Concernant le texte :
Le texte est issu d’une tradition manuscrite médiévale qui remonte au début du XIVe siècle et qu’on appelle «Bible historiale complétée». Il s’agit d’une fusion de deux textes de la seconde moitié du XIIIe siècle:
- la «Bible historiale» de Guyart des Moulins qui est en réalité une traduction en français de l’Historia scholastica de Pierre Comestor (ou Pierre Le Mangeur), qui mêle textes bibliques paraphrasés et extraits de Flavius Josèphe. Comme la plupart des bibles françaises du Moyen-âge, il s’agit d’un texte d’histoire basé sur la bible plutôt que d'une traduction des écritures elles-mêmes. D’ailleurs, les livres des prophètes ou certains livres moins narratifs sont laissés de côté dans cette version;
- une traduction complète de la Vulgate, appelée «Bible du XIIIe siècle» dont l’auteur est inconnu.
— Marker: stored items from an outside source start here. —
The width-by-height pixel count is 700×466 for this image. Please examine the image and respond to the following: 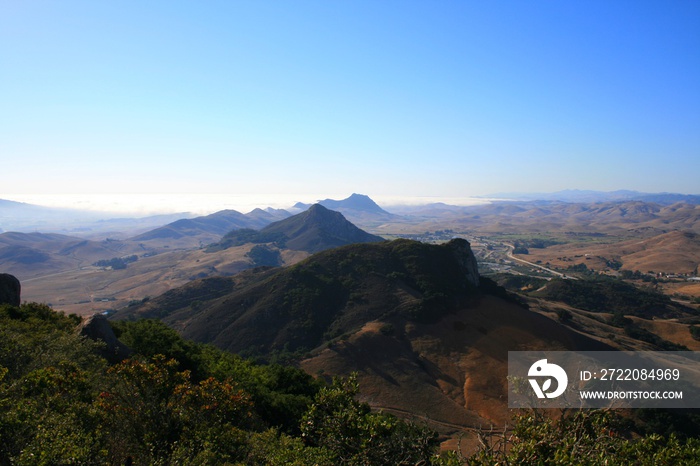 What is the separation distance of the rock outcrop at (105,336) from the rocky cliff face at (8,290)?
16.7 meters

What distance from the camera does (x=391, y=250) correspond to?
80.9m

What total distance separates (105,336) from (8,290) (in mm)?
19580

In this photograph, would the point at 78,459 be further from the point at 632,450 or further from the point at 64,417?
the point at 632,450

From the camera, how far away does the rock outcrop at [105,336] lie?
26.4 metres

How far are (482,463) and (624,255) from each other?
215210 mm

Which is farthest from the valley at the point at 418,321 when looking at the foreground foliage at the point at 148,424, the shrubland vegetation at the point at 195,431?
the shrubland vegetation at the point at 195,431

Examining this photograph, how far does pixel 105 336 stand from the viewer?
89.2ft

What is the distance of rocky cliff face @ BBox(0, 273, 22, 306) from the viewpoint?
1432 inches

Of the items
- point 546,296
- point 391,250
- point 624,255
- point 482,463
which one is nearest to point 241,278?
point 391,250

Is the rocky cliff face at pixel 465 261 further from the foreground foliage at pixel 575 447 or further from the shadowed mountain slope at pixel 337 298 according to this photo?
the foreground foliage at pixel 575 447

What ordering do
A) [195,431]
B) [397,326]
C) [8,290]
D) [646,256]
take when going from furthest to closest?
1. [646,256]
2. [397,326]
3. [8,290]
4. [195,431]

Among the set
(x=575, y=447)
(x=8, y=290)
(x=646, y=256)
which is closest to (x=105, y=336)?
(x=8, y=290)

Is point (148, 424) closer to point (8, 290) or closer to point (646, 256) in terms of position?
point (8, 290)

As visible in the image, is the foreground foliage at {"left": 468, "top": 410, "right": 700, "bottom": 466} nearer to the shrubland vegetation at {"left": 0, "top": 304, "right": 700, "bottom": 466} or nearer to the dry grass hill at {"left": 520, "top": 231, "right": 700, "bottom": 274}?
the shrubland vegetation at {"left": 0, "top": 304, "right": 700, "bottom": 466} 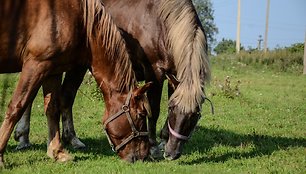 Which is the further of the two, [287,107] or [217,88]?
[217,88]

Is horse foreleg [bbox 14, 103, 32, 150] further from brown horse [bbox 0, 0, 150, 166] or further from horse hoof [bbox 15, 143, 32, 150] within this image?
brown horse [bbox 0, 0, 150, 166]

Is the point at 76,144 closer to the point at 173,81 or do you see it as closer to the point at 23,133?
the point at 23,133

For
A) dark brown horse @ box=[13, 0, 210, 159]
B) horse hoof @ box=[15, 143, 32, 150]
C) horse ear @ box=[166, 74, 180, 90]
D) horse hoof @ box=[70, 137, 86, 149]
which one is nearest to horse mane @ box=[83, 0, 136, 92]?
horse ear @ box=[166, 74, 180, 90]

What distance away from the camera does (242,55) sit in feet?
92.4

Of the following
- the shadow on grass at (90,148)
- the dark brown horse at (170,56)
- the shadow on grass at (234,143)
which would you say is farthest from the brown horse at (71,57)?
the shadow on grass at (234,143)

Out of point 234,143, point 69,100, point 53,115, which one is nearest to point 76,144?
point 69,100

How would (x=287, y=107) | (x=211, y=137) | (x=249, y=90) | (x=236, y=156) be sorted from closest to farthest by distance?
(x=236, y=156)
(x=211, y=137)
(x=287, y=107)
(x=249, y=90)

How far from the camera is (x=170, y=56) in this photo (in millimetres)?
6180

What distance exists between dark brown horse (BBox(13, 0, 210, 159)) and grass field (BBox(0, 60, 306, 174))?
0.51m

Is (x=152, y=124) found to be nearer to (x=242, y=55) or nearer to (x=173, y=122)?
(x=173, y=122)

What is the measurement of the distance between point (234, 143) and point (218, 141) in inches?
11.1

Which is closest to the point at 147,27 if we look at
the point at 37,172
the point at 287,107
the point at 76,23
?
the point at 76,23

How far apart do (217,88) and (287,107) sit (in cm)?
276

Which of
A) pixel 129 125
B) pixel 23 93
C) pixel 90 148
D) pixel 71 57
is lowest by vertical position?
pixel 90 148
C’est sur la base de cette tradition médiévale que Jean de Rély, à la demande de Charles VIII dont il est le confesseur, supervise une première édition imprimée d’une version française de la Bible complète. Le nom de Jean de Rély n’est en réalité jamais cité, mais tous les historiens s’accordent sur ce point.
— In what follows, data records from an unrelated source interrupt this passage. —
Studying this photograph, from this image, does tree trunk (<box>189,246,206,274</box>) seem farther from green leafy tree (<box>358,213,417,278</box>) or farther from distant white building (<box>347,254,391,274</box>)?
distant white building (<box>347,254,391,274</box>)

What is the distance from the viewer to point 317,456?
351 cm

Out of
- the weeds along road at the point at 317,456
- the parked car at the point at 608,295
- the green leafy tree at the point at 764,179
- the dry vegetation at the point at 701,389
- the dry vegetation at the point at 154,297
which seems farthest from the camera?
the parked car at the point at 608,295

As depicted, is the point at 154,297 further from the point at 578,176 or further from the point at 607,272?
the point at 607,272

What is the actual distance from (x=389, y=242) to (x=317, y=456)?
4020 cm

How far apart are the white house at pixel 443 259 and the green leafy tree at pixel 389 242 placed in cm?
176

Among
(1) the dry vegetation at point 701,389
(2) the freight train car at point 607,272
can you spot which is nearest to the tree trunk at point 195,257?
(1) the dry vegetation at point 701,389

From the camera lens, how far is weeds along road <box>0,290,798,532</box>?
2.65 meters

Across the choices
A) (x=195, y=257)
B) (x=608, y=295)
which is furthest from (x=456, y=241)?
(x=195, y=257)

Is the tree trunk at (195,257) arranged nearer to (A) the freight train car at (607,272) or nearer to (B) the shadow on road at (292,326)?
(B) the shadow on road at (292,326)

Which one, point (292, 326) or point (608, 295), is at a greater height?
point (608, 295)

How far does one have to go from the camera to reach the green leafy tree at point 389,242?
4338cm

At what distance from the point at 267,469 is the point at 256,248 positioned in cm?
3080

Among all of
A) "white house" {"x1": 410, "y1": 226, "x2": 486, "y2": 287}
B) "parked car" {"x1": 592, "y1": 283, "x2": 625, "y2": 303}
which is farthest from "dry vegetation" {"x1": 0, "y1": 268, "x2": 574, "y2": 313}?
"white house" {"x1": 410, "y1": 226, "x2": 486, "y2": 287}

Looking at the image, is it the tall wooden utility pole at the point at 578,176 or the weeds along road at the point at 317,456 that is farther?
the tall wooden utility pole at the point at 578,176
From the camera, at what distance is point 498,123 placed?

La principale source qui permet d’attribuer la supervision de cette édition au confesseur de Charles VIII vient de la préface de Jacques Lefèvre d’Etaples, publiée en tête de la deuxième partie de sa traduction du Nouveau Testament (Paris: Simon de Colines, 1523; repris dans d’autres éditions). Ce dernier écrit en effet : « à la requeste [du roi Charles VIII] la saincte Bible fut entièrement mise en langue vulgaire […], coopérant à son sainct et fructueux désir […] Jehan de Rely […]. Et lors fut imprimee ladicte Bible en françoys.»
Concernant la date :
Ce texte de Lefévre d'Etaples, qui est d’ailleurs cité dans les notes manuscrites données sur votre volume, indique aussi que le désir du roi d’avoir une traduction française de la Bible était «passéz trente-six ans ou environ». Le texte datant de 1523, cela ramène donc aux années 1487-88. Et la date est reprise par les bibliographes anciens (Du Verdier et Le Long), que cite l’abbé Lemoine dans les notes que vous avez prises.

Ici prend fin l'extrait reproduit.